# Problem with Cinematic Studio Strings setting the wrong articulation



## Jonesy (Feb 19, 2022)

I am having a serious problem with CSS, and it's so serious I can't believe I haven't seen it mentioned. I can't account for it other than it's a major fault in CSS's software. Here's what happens:

Using a Cubase Pro 11 expression map I set up bars with: fast runs (Marcato overlay off) (keyswitch F#0, velocity 1), spiccato (keyswitch F0, velocity 1); pizzicato (keyswitch G0, velocity 1) and when I click the ruler/timeline to move to into each region, I see, in the Kontakt midi monitor, these codes being the last received by Kontakt, but CSS sets itself respectively to Marcato (overlay on), Sfz and Col Legno. These are the articulations having respectively the same keys but the largest key velocity values. (I have disabled CC1/modwheel from having any effect.)
Then when pressing play you continue to be stuck with these wrong articulations until the next articulation change.

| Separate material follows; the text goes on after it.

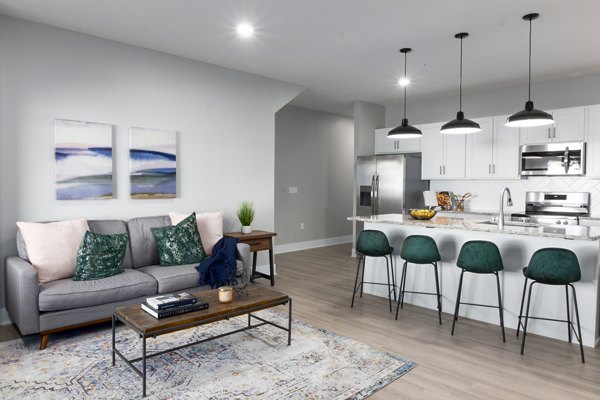 Cozy living room with modern decor at Allora 168 Apartments, showcasing luxury living in a prime location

Why doesn't the script simply use the velocity value to set the correct articulation (duh)? Please can anybody throw any light on this? (It's my first post.)


----------



## Kony (Feb 19, 2022)

You're probably already aware that an alternative for articulation mapping is CC58 - the values are listed on page 8 of the manual. I set my articulation map with CC58 values and have no issues.


----------



## liquidlino (Feb 19, 2022)

Check what happens if you move the keyswitch notes in the piano roll up and down an octave. The problem with keyswitches is that not all DAWs consider C3 to be the same midi value... some treat it as C4, or even all VSTs, so it's can be a real headache.


----------



## Jonesy (Feb 21, 2022)

Hi Kony and Liquidlino,

Thank you both very much for taking the trouble to respond.

The problem wasn't with the keyswitch register, Liquidlino: it worked fine in play mode. The problem was that 'chase' simply doesn't work with keyswitches in CSS. The least said about the fact that CSS keep quiet about that, the better. The solution is as you said Kony: I changed the map to use CC58 and all seems well.

Thanks again to both of you.


----------



## Kony (Feb 21, 2022)

Glad you got it sorted @Jonesy


----------